The present invention relates to a solar battery module substrate and a solar battery module.

BACKGROUND ART

A silicon-based solar battery cell has an electromotive force of approximately 0.5V, and there is a case where an electromotive force of one solar battery cell is not sufficient to operate a desired electric circuit. Accordingly, in a conventional art, a plurality of solar battery cells are connected with each other in series to form a solar battery module, thereby obtaining an electromotive force necessary for a desired electric circuit.

On the other hand, a solar battery cell having a cathode and an anode for extracting an electric force at the back solar battery cell) is expected as a highly efficient solar battery cell which does not suffer from a drop in optical power generation performance due to the shades of electrodes formed on the front surface of the solar battery cell, compared with a conventional solar battery cell having a cathode and an anode for extracting an electric force on a back surface and a front surface, respectively.

FIG. 18 is an explanatory drawing showing operations of a conventional back surface electrode type solar battery cell 101. (a) to (c) of FIG. 18 are drawings showing operations of the conventional back surface electrode type solar battery cell 101. In the drawing, since the back surface electrode type solar battery cell 101 is used for a later-mentioned large solar battery module for housing etc., the back surface electrode type solar battery cell 101 is made of a whole wafer. A front surface 102 of the back surface electrode type solar battery cell 101 shown in (a) of FIG. 18 has a textual structure for preventing reflection of light, and incident light 104 from the sun 103 is incident to the front surface 102.

Further, as shown in (b) of FIG. 18, on a back surface 105 of the back surface electrode type solar battery cell 101, positive electrodes (cathodes) 106 and negative electrodes (anodes) 107 are positioned alternately (striped manner). In FIG. 18, the positive electrodes 106 and the negative electrodes 107 are not exposed at edges of the back surface electrode type solar battery cell 101. This is because the positive electrodes 106 and the negative electrodes 107 are not extended to the edges of the back surface electrode type solar battery cell 101 in consideration of holding peripherals of a wafer in wafer processing.

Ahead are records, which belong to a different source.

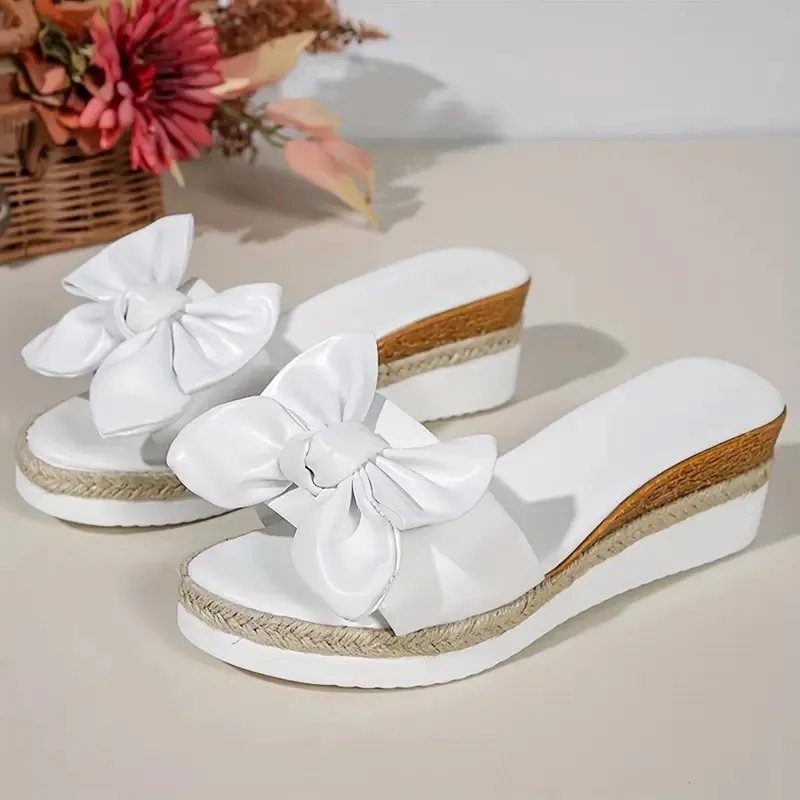New Women Slippers Casual Solid Color Bowknot Platform Flat Shoes Fashion Braided Straps Outdoor Walking Sandals Zapatilla Mujer — view 5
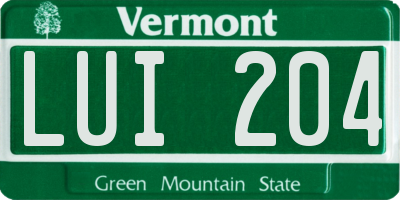 VT license plate LUI204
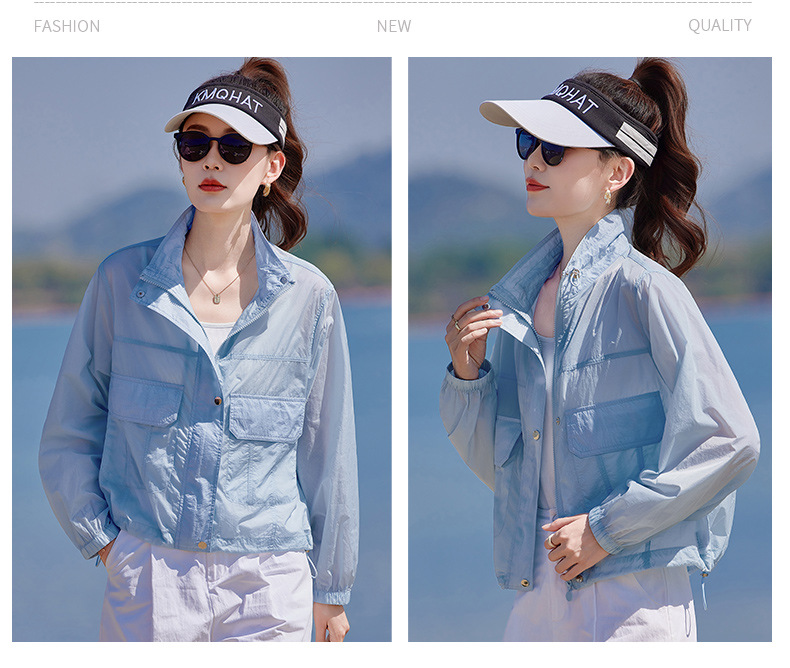 Áo chống nắng nữ cổ đứng túi hộp dáng rộng tay ngắn mỏng nhẹ — màu xanh nhạt, màu đỏ chi tiết 12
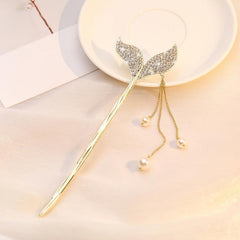 Fishtail Tassel Hair Pin Faux Pearl Rhinestone Golden Cheongsam Chignon Pins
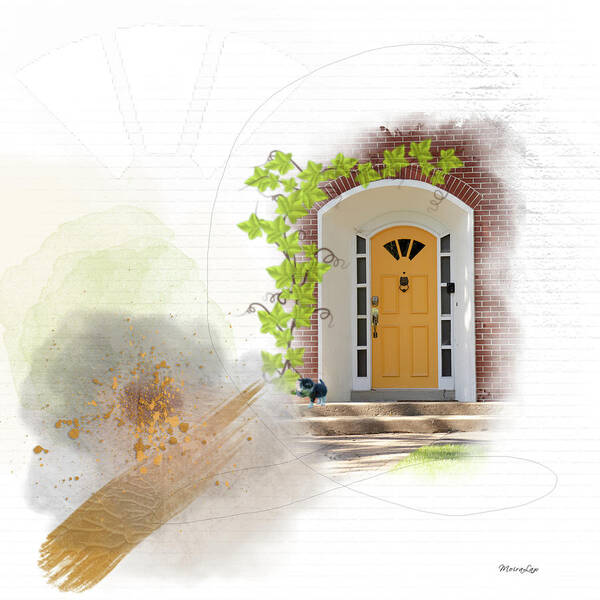 Yellow Art Print featuring the mixed media Good Door Sunshine by Moira Law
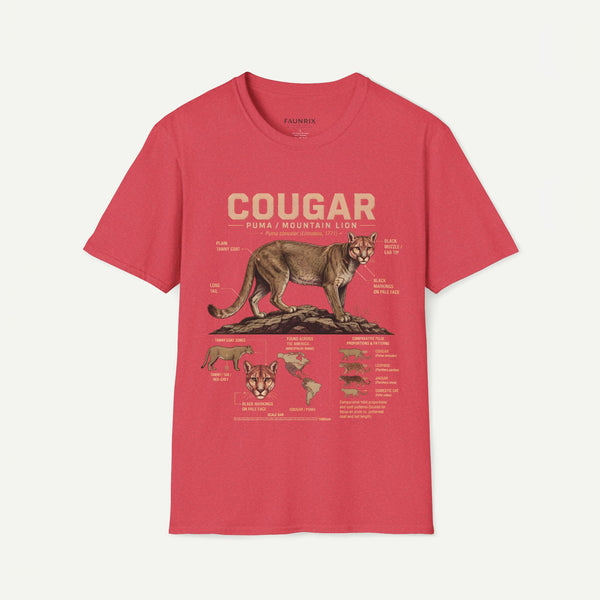 Cougar Puma Mountain Lion Anatomy Graphic T-Shirt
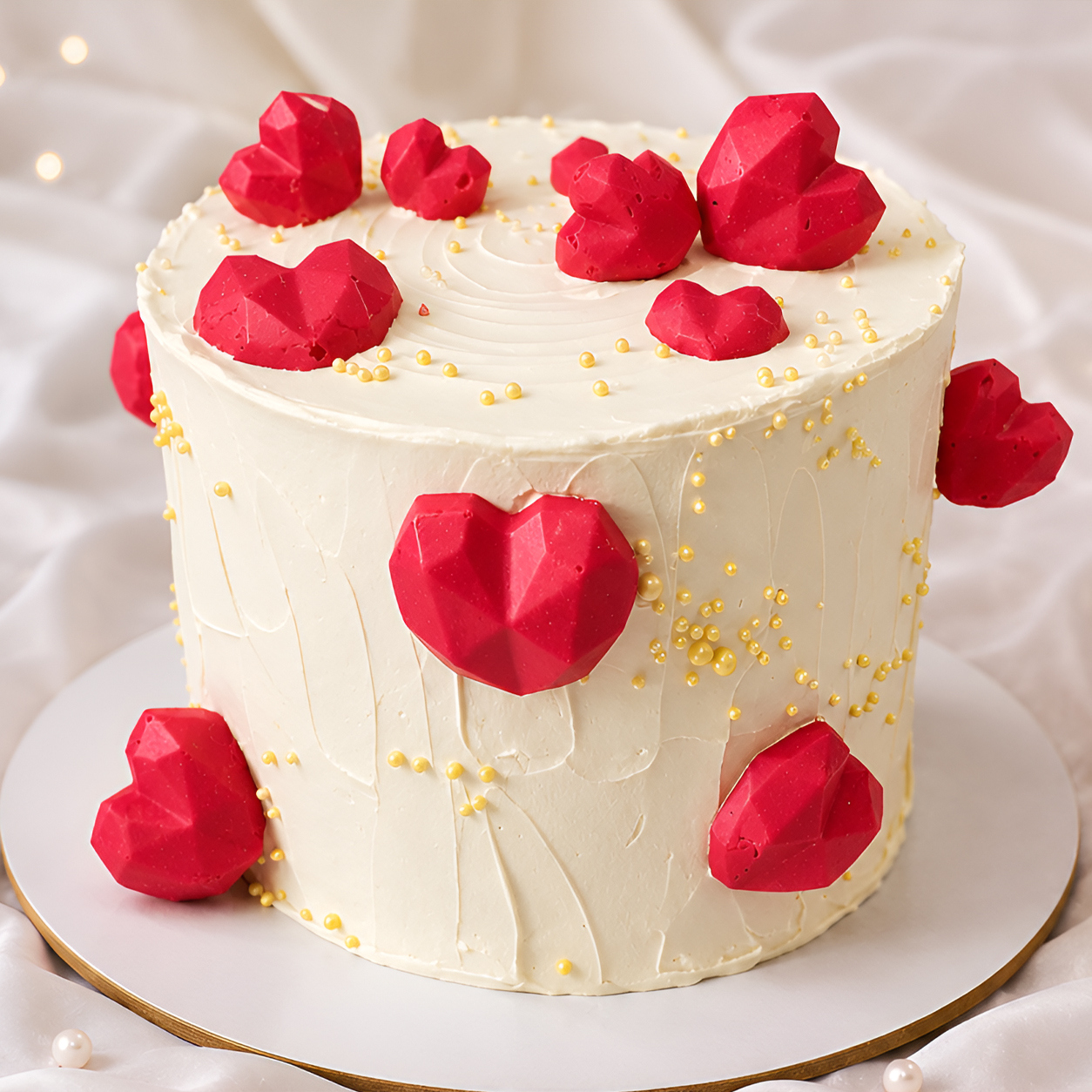 Elegant Heart Designer Cake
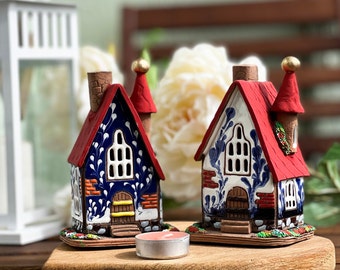 Ceramic house miniature candle holder mother of the groom gift, Pottery lighted house gifts for others and home decorative item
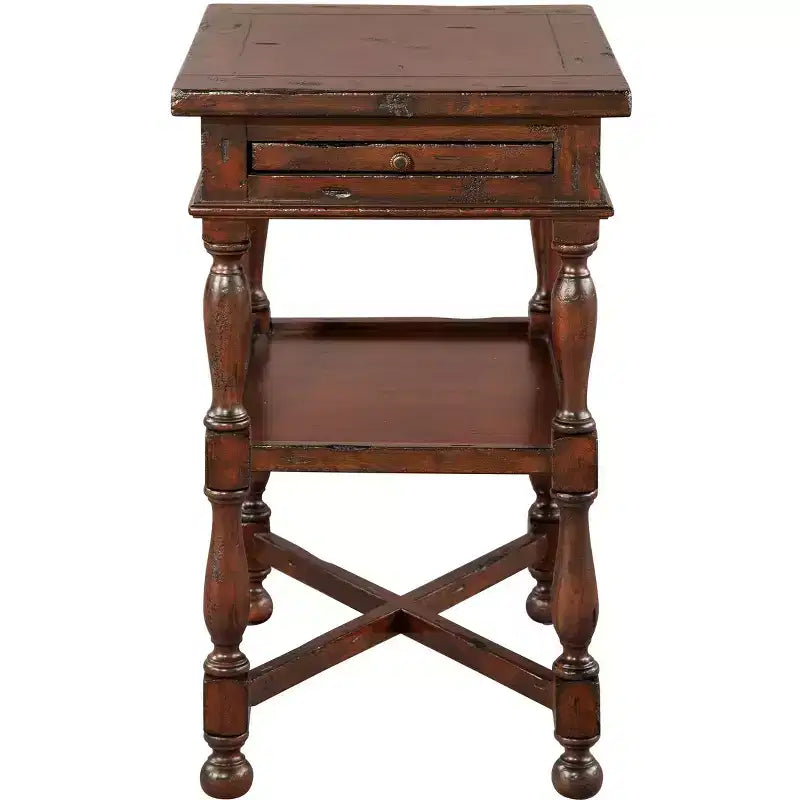 Tavolino in Mogano con Base a Crociera 40,6 x 68,6 cm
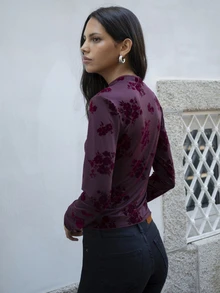 Nöista Womenswear Fitted Long Sleeve Top With Jacquard Fabric In Burgundy Color, Perfect For Fall Winter Night Outs, Special Occasions Ang Going Out. - Burgundy - View 5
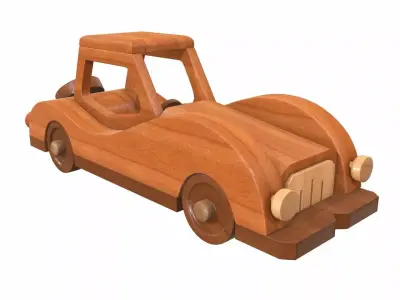 Car retro wooden 3D model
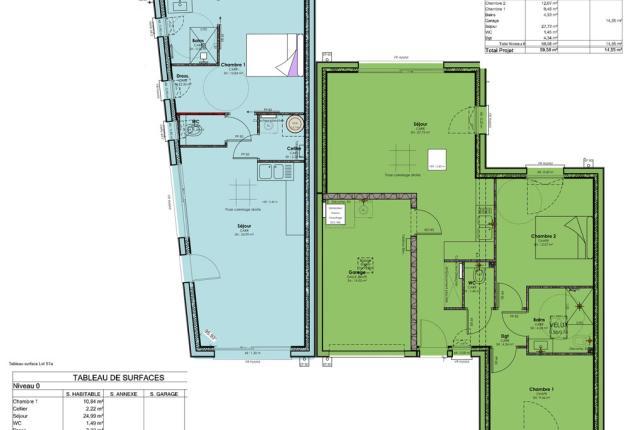 plan lot 1 et 2 maison à vendre bretignolles sur mer vendée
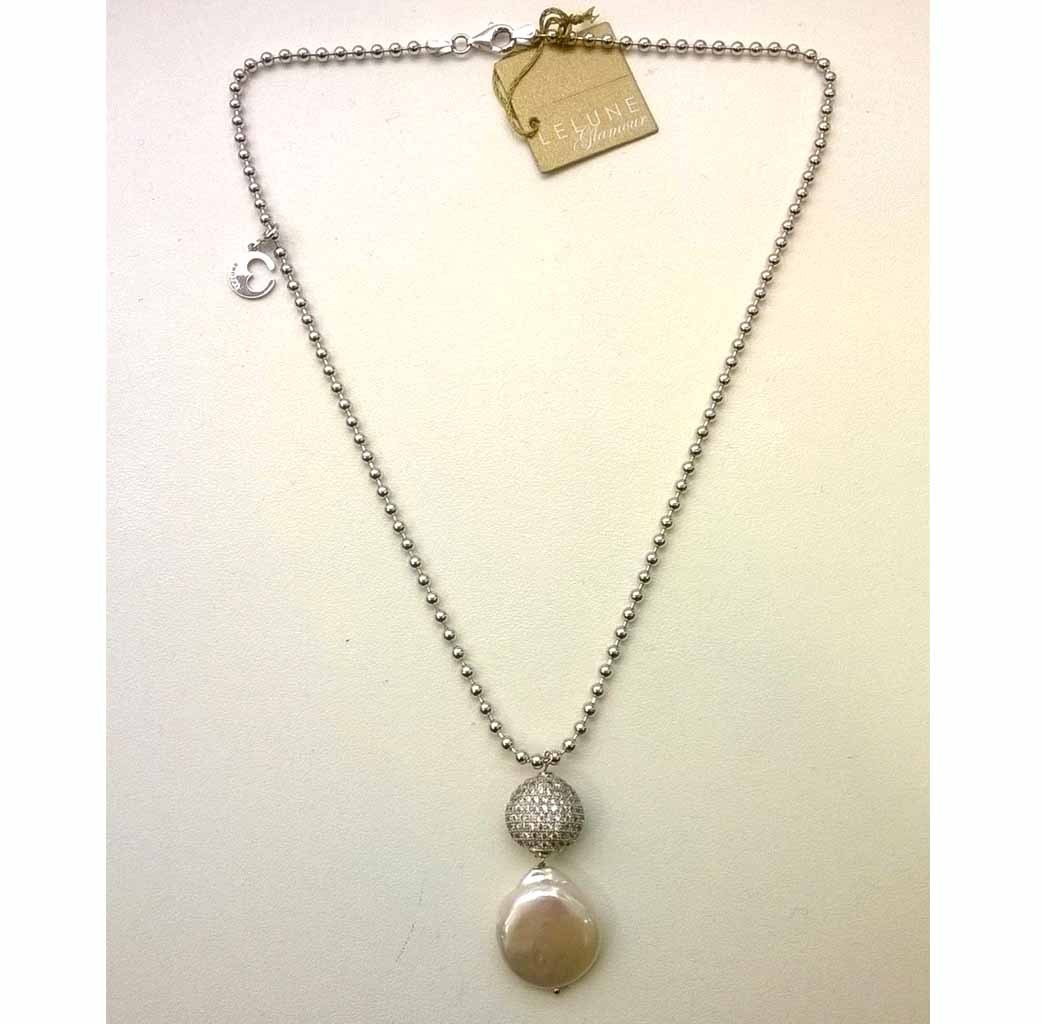Baroque pearl silver necklace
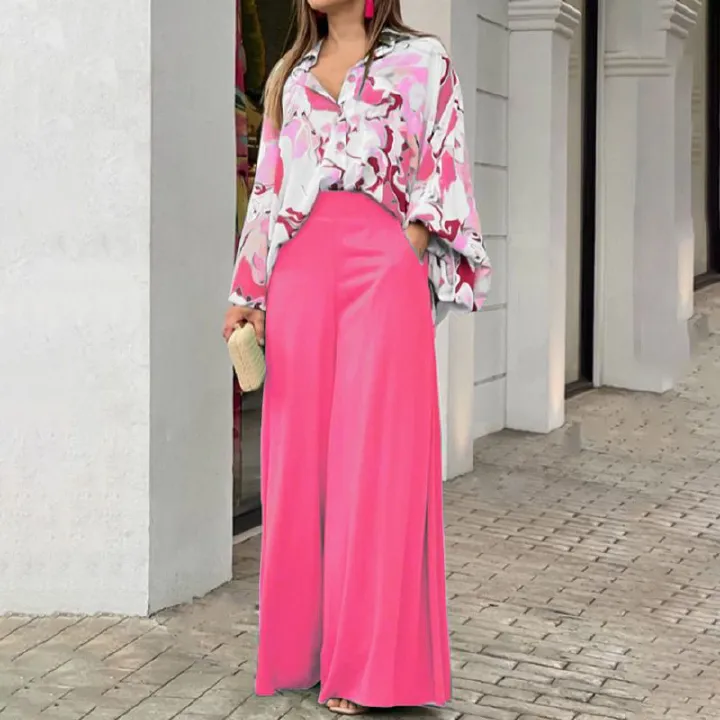 2025 African European American Women's Spring & Autumn Printed Shirts eBay Elegant Stylish Wide-leg Pants Fashionable Casual Suits Printed Patterns Non-stretching Processing Technology Elegant Style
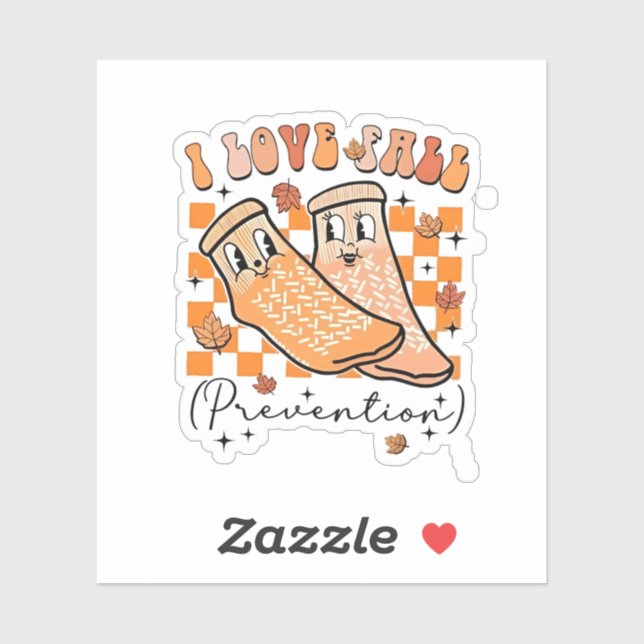 Groovy Retro I Love Fall Prevention Funny  (Sheet)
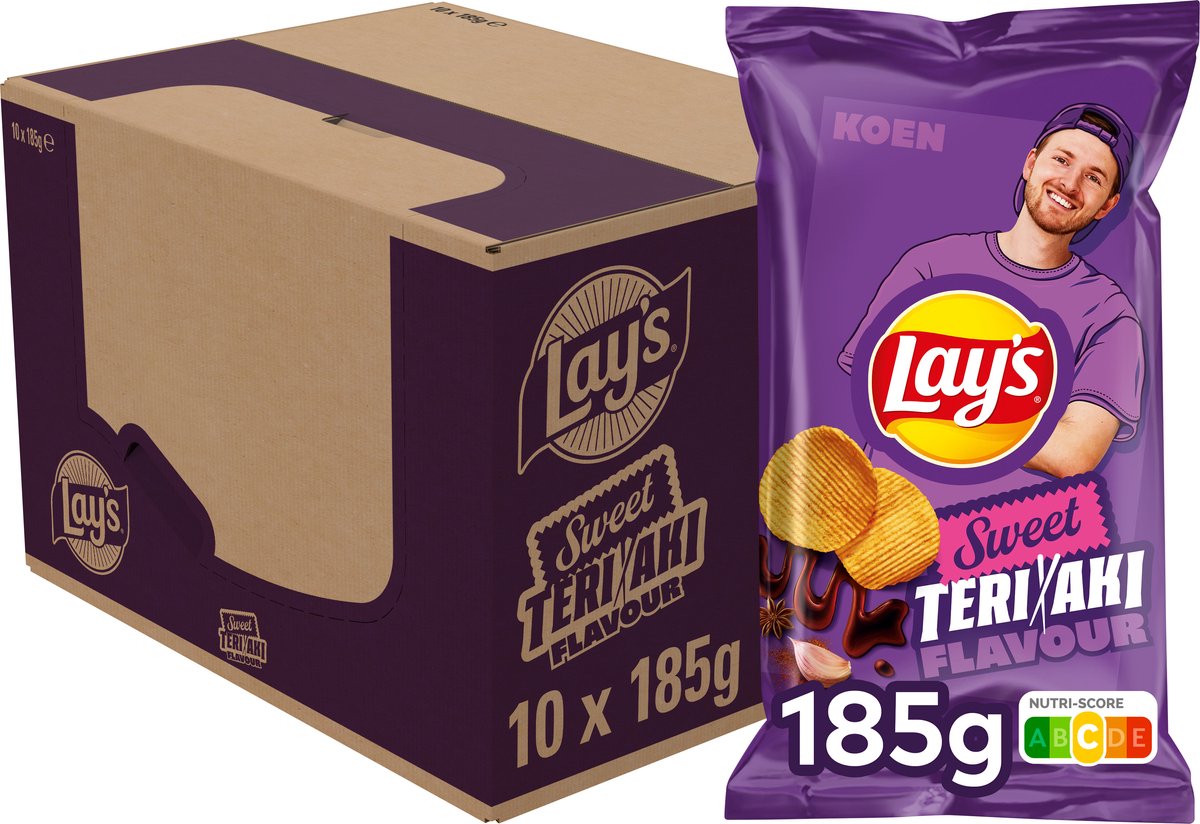 Lay's max chips côtelées teriyaki sucrées 10 x 185 gr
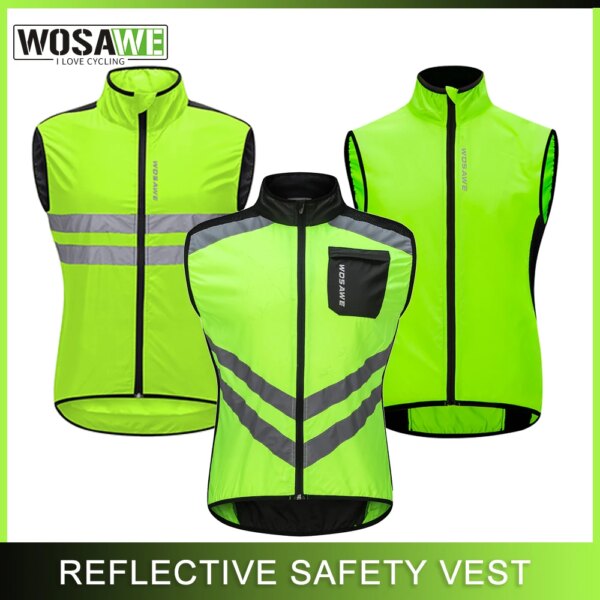 WOSAWE, chalecos reflectantes de seguridad para Ciclismo, chaleco deportivo sin mangas para hombre, Ropa de Ciclismo, Jersey, chaleco, Ropa para bicicleta de montaña y carretera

When the incident light 104 is incident to the back surface electrode type solar battery cell 101, an electron-hole pair 108 is excited in the back surface electrode type solar battery cell 101, as shown in (c) of FIG. 18 which is a cross sectional drawing taken in A-A″ line which is a part of a cross sectional drawing taken in A-A′ line of (b) of FIG. 18. Among the excited electron-hole pair 108, an electron 109 reaches the negative electrode 107 and a hole 110 reaches the positive electrode 106. Thus, it is possible to extract an electromotive force from the back surface electrode type solar battery cell 101. As a distance W 101 between the positive electrode 106 and the negative electrode 107 is shorter, the efficiency of the back surface electrode type solar battery cell 101 increases.

As a solar battery including the back surface electrode solar battery cell, Patent Literature 1 discloses a solar battery in which electrodes of a solar battery cell are electrically connected with wiring of a wiring substrate at a low temperature with easiness. Electrodes of the back surface electrode type solar battery cell are electrically connected with wiring of a wiring substrate and the cell is sealed with a sealing member. Thus, a solar battery module is provided.

Citation List

[Patent Literature]

[Patent Literature 1]

Japanese Patent Application Publication Tokukai No. 2009-88145 (publication date: Apr. 23, 2009).

SUMMARY OF INVENTION

Technical Problem

The solar battery cell and the solar battery module disclosed in Patent Literature 1 are made of a wafer without cutting it. In the vicinity of the edges, there is a portion where terminals cannot be provided due to wafer processing, and where contact etc. with an electrode is not made. However, for example, in a case where a cell designed to be used as a module while maintaining its wafer size is cut into a plurality of modules, there arises a problem that an electrode is exposed in the vicinity of edges and contacts with its surrounding. Such problem has not been discussed so far.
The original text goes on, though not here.